Seek Time
Zero OS uses a seek time metric to determine if disks are HDD or SSD. If your SSD is being detected as HDD, it’s possible that there’s an underlying hardware issue causing poor performance. In this post you’ll find info on a few different diagnostics that can help identify SSDs with such issues.
Before you proceed, it’s a good idea to try some basic troubleshooting:
- Reboot the node
- Reseat the cable terminations at the drives and at the mainboard
- If you have storage controller cards, reseat those as well
If you’ve already tried those steps, the rest of this post can help you see what Zos is seeing and identify which disk is at fault. Once you’ve done that, trying to move this drive to a different port on the main board.
Live Linux
To run these tests, first boot into a live Linux distro like grml (the small image is okay for our purposes here). You can flash the iso file onto a USB stick with a tool like USBImager, attach the USB stick to your 3Node, and select it as a temporary boot device.

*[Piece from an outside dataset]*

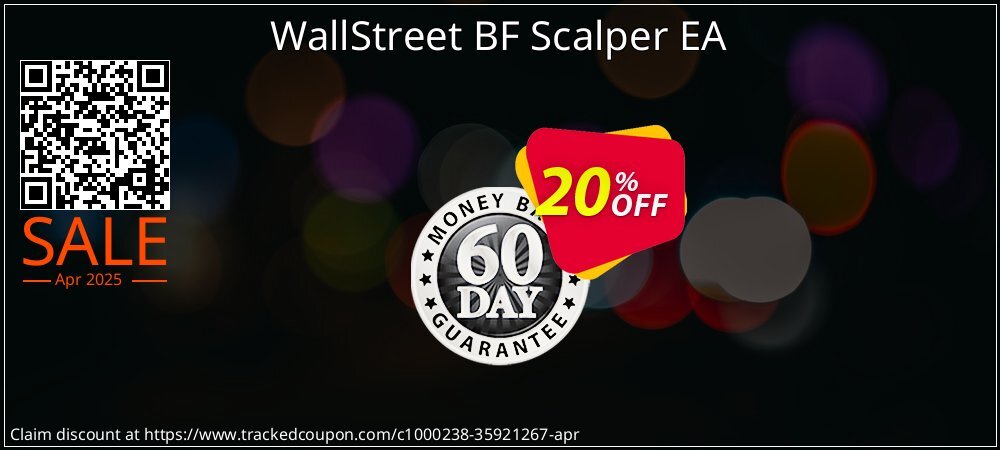 WallStreet BF Scalper EA coupon on April Fools' Day super sale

All commands in this tutorial should be run as root. Grml will present you with a root shell after boot. On other distros you may need to open a terminal and switch to the root user:
sudo su root
Then get a list of all disks on the system:
fdisk -l
Identify the drives attached to the system, including the USB stick you booted from, according to their models and sizes. Make note of the drive paths, normally /dev/sd...
or /dev/nvme...
for NVMe.
Check Seek Times
We can use the same tool that Zero OS uses to check seek times. For convenience, I’ve provided a precompiled copy of the program at a shortened url. Use these commands to download and make the file executable:
wget tinyurl.com/seektime
chmod u+x seektime
To run seektime
on a single disk, specify its path (note for NVMe, a namespace designation, like n1
is required):
# SATA
./seektime /dev/sda
./seektime /dev/sdb
...
# NVMe
./seektime /dev/nvme0n1
./seektime /dev/nvme1n1
...
To check all disks of a given type, a wildcard in a short script can be used:
# SATA
for disk in /dev/sd?; do ./seektime $disk; done
# NVMe
for disk in /dev/nvme?n1; do ./seektime $disk; done
The output will include the measured average seek time and a determination about whether the disk is SSD or HDD. Here’s an example output, with seek values in microseconds:
/dev/sda: SSD (103 us)
/dev/sdb: HDD (3336 us)
Zos assumes that anything with a seek time greater than 500 microseconds, or .5 milliseconds, is an HDD. If your SSD is only performing at HDD levels, this is a sign that the disk is failing and should be replaced.
Additional Diagnostics
Smartctl for SATA
For SATA SSDs, we can get access to built in diagnostics using smartctl
. This is included with grml, but you might need to install it on other distros.
Initiate short test
First, we’ll should initiate a short self test on the disk:
smartctl -t short /dev/sda
Or use a script like above to test all disks:
for disk in /dev/sd?; do smartctl -t short $disk; done
Check the results
This will take a minute or two. You can check whether the test is complete with:
smartctl -c /dev/sda
Look for “Self test execution status”. If it says in progress, you’ll need to wait a bit longer. Otherwise, you can now query the results. A simple pass or fail result can be retrieved with:
smartctl -H /dev/sda
For the full results:
smartctl -a /dev/sda | less
This will pipe the results into less
so you can scroll through them. Hit q
to exit when you’re done.
Interpreting the results
One common indicator of a failing disk is attribute id #5, the reallocated sector count. Drives are built to tolerate a certain number of reallocated sectors, but if you see a number higher than zero in the raw value here, that can be a sign of trouble.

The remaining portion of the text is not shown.